One of the most useful ways to get insight into the performance of machine learning classifiers is to view the confusion matrix, which counts the number of points in each predicted class as a function of the true class.

In [None]:
for name, model, p_grid in models:

    # clf_list = results[f"{name}"]
    val_file = f"results/{experiment_name}_{name}_confusionmat_values.png"
    norm_file = f"results/{experiment_name}_{name}_confusionmat_normalised.png"

    val_fig, val_ax = plt.subplots(1, outer_cv_splits, figsize=(8 * outer_cv_splits, 7))
    val_fig.suptitle(f"{name} Confusion Matrix (Value)")
    norm_fig, norm_ax = plt.subplots(
        1, outer_cv_splits, figsize=(8 * outer_cv_splits, 7)
    )
    norm_fig.suptitle(f"{name} Confusion Matrix (Row Normalised)", fontsize=16)
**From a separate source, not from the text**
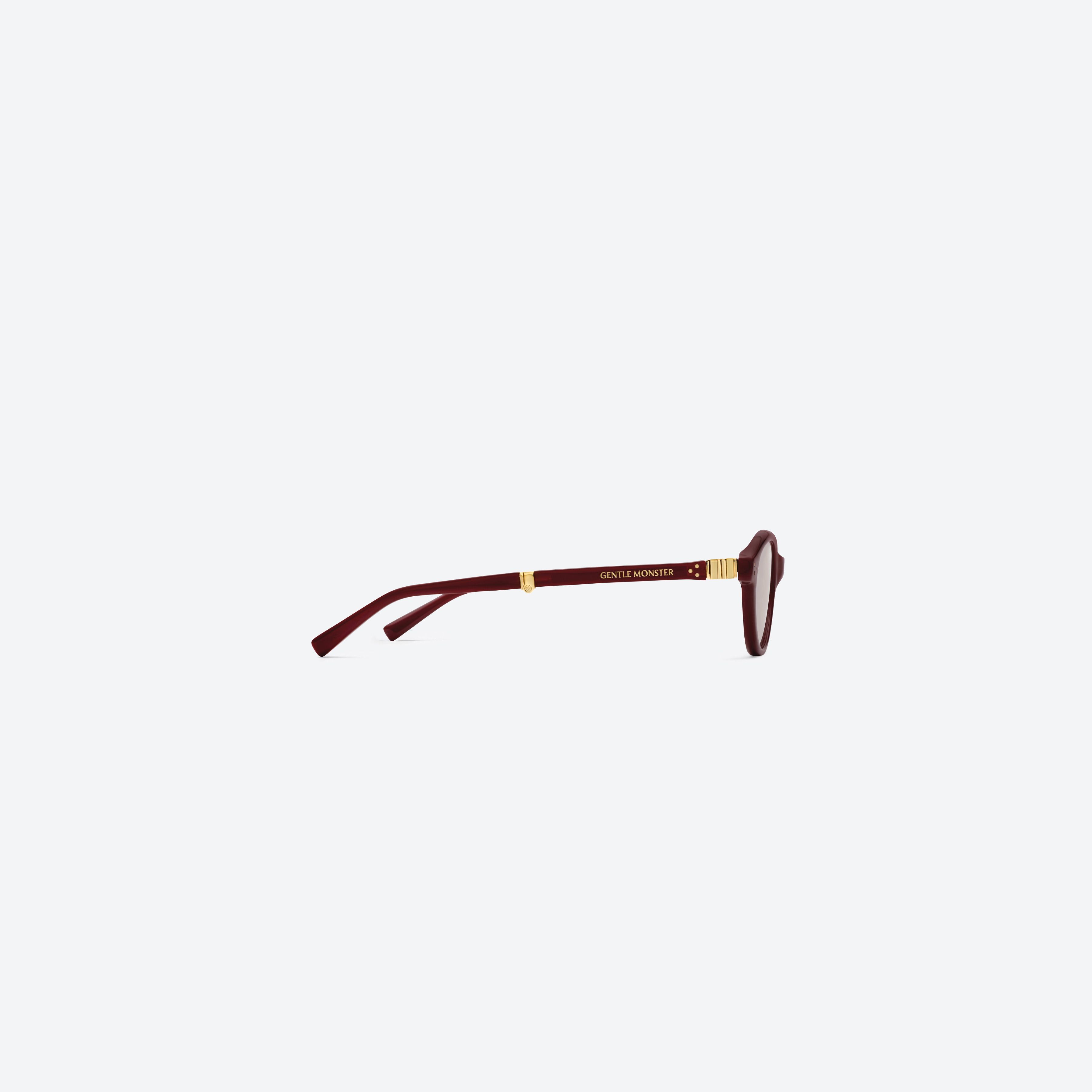 A detailed right view of Gentle Monster Takion R8 Red Acetate framed Round glasses.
    for i in range(outer_cv_splits):
        y_true = outer_cv_test_pairs[name][f"split_{i}"][0]
        y_pred = outer_cv_test_pairs[name][f"split_{i}"][1]
        # Plot unormalised confusion matrix
        val_ax[i].set_title(f"Fold {i}")
        ConfusionMatrixDisplay.from_predictions(
            y_true,
            y_pred,
            normalize=None,
            ax=val_ax[i],
            colorbar=False,
            display_labels=list(labels_dict.keys()),
            xticks_rotation="vertical",
        )

        val_fig.savefig(val_file, dpi=300, bbox_inches="tight", facecolor="white")

        # Plot normalised confusion matrix
        norm_ax[i].set_title(f"Fold {i}")
        ConfusionMatrixDisplay.from_predictions(
            y_true,
            y_pred,
            normalize="true",
            ax=norm_ax[i],
            colorbar=False,
            display_labels=list(labels_dict.keys()),
            xticks_rotation="vertical",
        )

        norm_fig.savefig(norm_file, dpi=300, bbox_inches="tight", facecolor="white")

## Hyperparameter tuning with outer folds

After running nested cross-validation, we have selected the best model and understood the performance we can expect to see on new data.

Once the model is decided, we can run hyperparameter tuning using the outer fold only, allowing us to tune the model with additional data.

In [None]:
models

In [None]:
# Get best estimated params for RF model

outer_cv = StratifiedKFold(n_splits=outer_cv_splits, shuffle=True, random_state=cv_seed)

metric = "f1_macro"
name, model, p_grid = models[0]  # Use random forest

# instatiate a gridsearchCV using outer cross-validation folds
clf = GridSearchCV(
    pipelines[name],
    p_grid,
    scoring=metric,
    verbose=1,
    cv=outer_cv.split(X, y),
    n_jobs=ncpus,
)

# Fit the gridsearch on outer cross-validation folds
clf.fit(X, y)

print("The most accurate combination of tested parameters is: ")
pprint(clf.best_params_)
print("\n")
print("The " + metric + " score using these parameters is: ")
print(round(clf.best_score_, 2))

In [None]:
if remove_correlated_features:
    removed_cols = clf.best_estimator_["drop_corr_features"].to_drop
    remaining_cols = [col for col in columns_to_use if col not in removed_cols]
else:
    remaining_cols = columns_to_use

remaining_cols

## Final model fit

The cross-validation steps have allowed us to pick the best performing model on unseen data and further tune that model. The final step is to fit the model to all of the data, using the best parameters.

In [None]:
# Transform data and fit new model
X_transformed = clf.best_estimator_["drop_corr_features"].transform(X)

new_model = clf.best_estimator_["model"]
new_model.fit(X_transformed, y)

# Create results directory if it doesn't exist
if not os.path.exists("results"):
    os.makedirs("results")

# Export the final model for use in following notebooks
dump(new_model, f"results/{experiment_name}_{name}.joblib")

# Export the columns to use in the final model
with open(
    f"results/{experiment_name}_{name}_features.json", "w", encoding="utf-8"
) as f:
    json.dump({"features": remaining_cols}, f, ensure_ascii=False, indent=4)